Aim of the task:
Only one stretch of the records below is wanted: the lines from the one holding "Person wearing a" through the one holding "a bedroom with". Return it exactly, both ends included.

Given data:
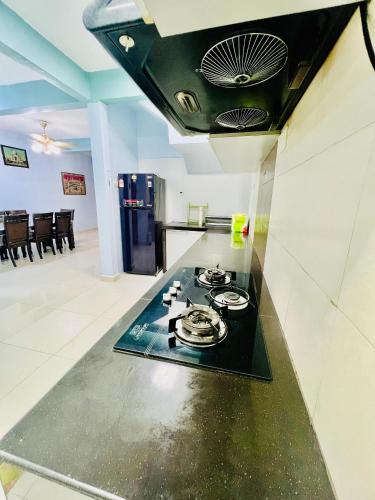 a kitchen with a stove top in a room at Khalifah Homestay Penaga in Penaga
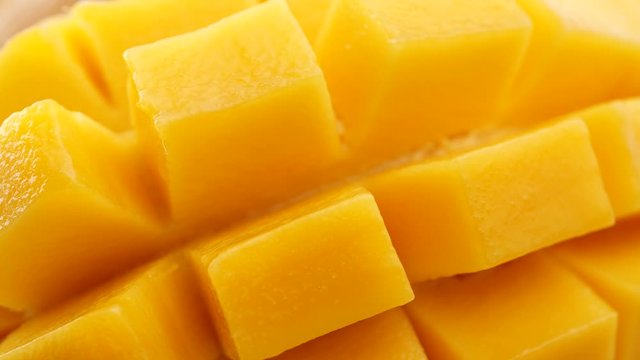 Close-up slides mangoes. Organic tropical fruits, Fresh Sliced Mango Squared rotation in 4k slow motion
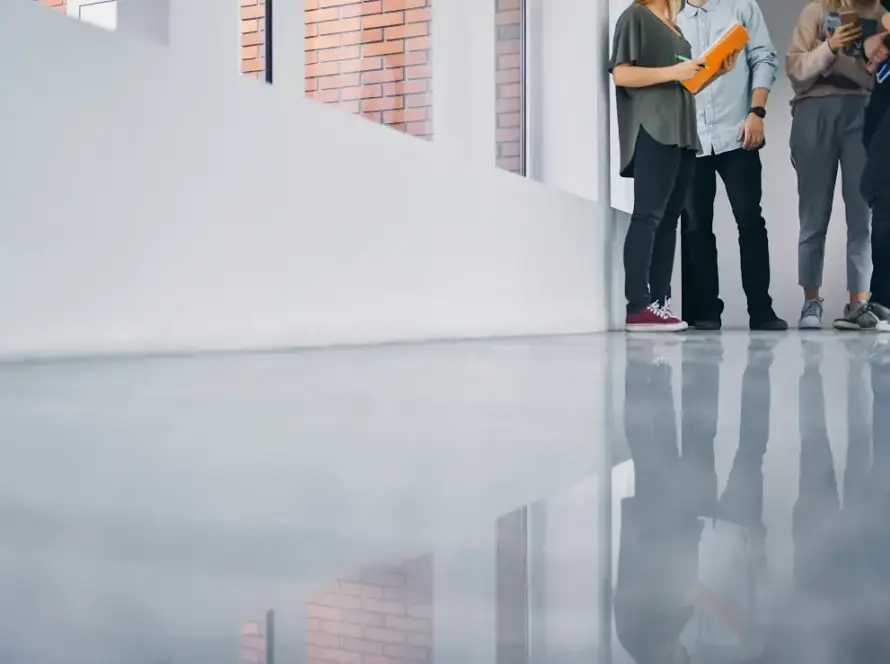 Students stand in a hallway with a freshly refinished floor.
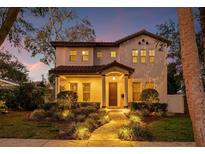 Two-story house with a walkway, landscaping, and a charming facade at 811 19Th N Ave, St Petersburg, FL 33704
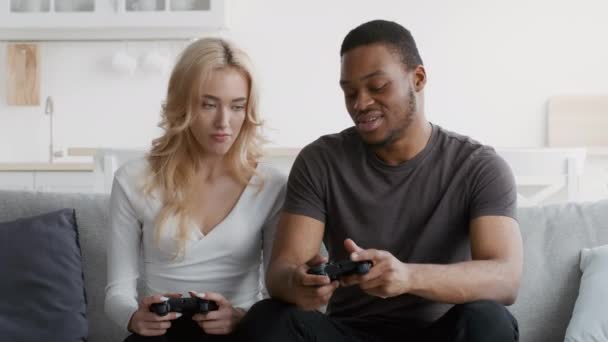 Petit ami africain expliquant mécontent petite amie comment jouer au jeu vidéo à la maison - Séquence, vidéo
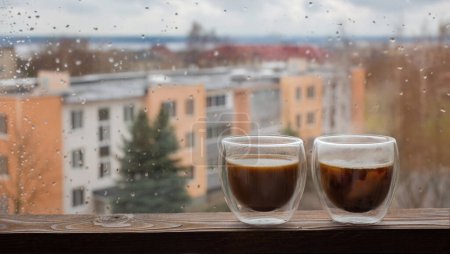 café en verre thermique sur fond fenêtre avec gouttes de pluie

...

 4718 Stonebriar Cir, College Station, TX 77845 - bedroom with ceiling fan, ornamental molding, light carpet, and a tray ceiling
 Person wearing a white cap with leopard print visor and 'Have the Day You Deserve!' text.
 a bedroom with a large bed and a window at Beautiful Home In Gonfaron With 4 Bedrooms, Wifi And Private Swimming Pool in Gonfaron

Answer:
 Person wearing a white cap with leopard print visor and 'Have the Day You Deserve!' text.
 a bedroom with a large bed and a window at Beautiful Home In Gonfaron With 4 Bedrooms, Wifi And Private Swimming Pool in Gonfaron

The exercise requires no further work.